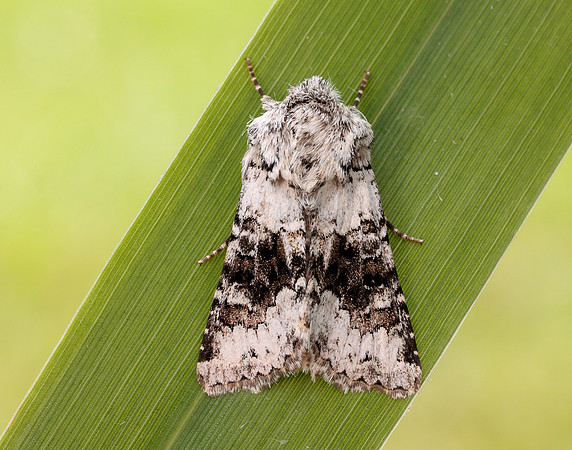 73.279 BF2164 Broad-barred White Hecatera bicolorata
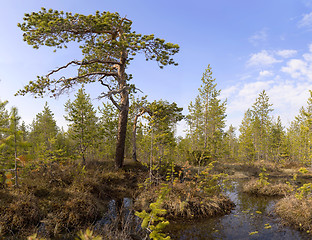 Image showing The pine among bog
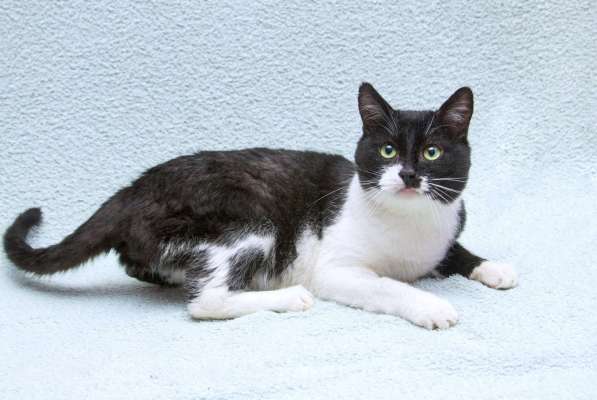 Обаятельный котик Мейсон в дар в Москве фото 5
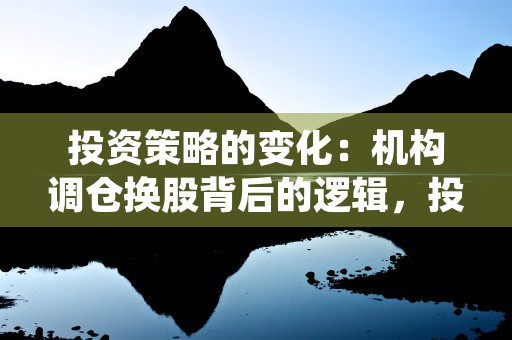 投资策略的变化：机构调仓换股背后的逻辑，投资策略主要观点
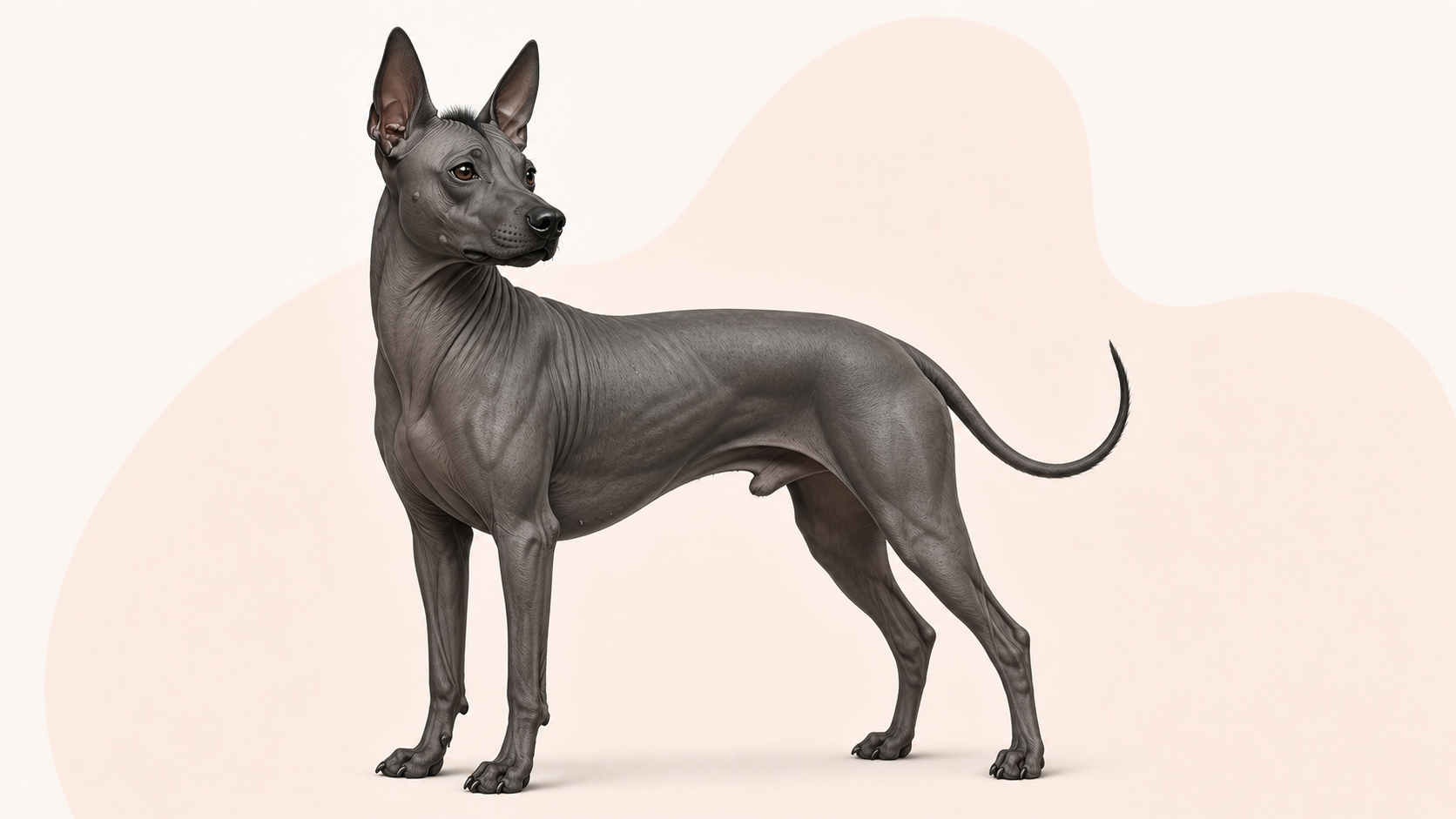Xoloitzcuintle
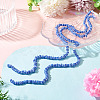 2Strands Handmade Lampwork Beads Strands BLOW-TADJ0001-01F-5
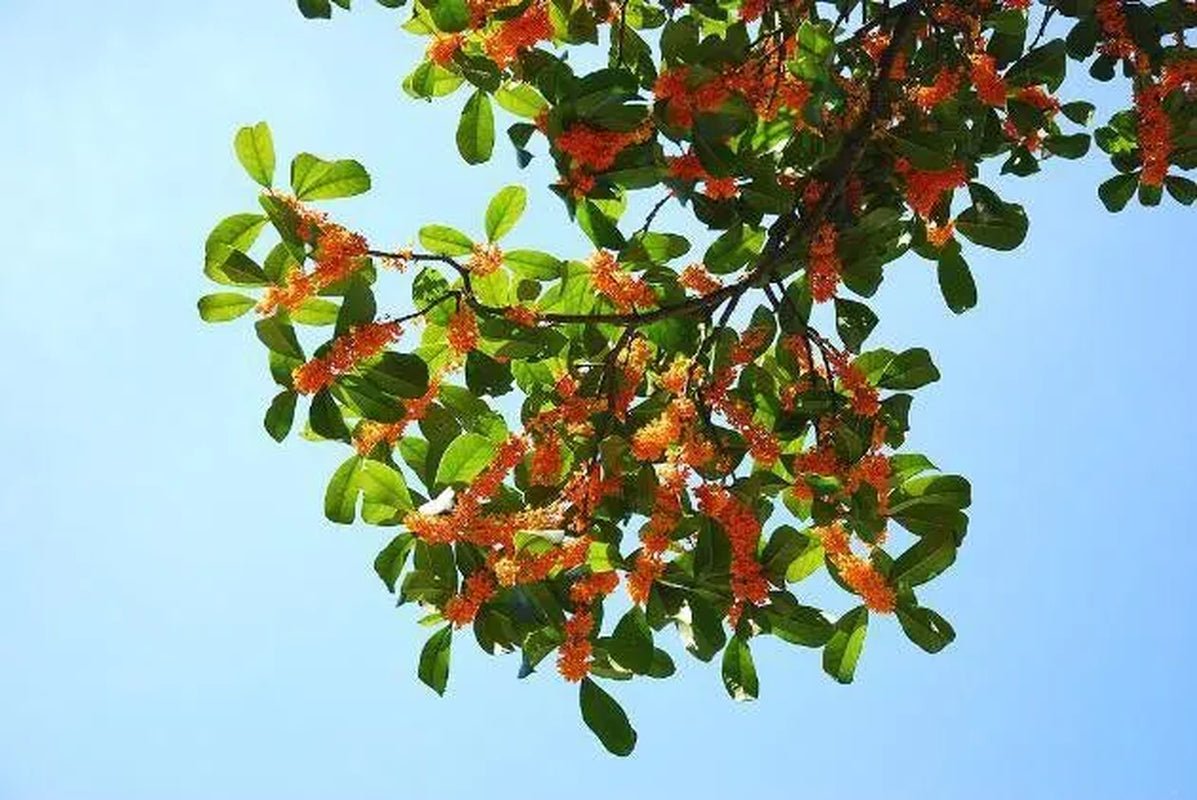 1 NUTMEG TREE Seed Myristica Fragrans Pala MACE Fruit Nut Pumpkin Pie Spice - soblessed95.store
————
Word for word, retype the material above without its pictures.

 73.279 BF2164 Broad-barred White Hecatera bicolorata
 Image showing The pine among bog
 Обаятельный котик Мейсон в дар в Москве фото 5
 投资策略的变化：机构调仓换股背后的逻辑，投资策略主要观点
Xoloitzcuintle
 2Strands Handmade Lampwork Beads Strands BLOW-TADJ0001-01F-5
 1 NUTMEG TREE Seed Myristica Fragrans Pala MACE Fruit Nut Pumpkin Pie Spice - soblessed95.store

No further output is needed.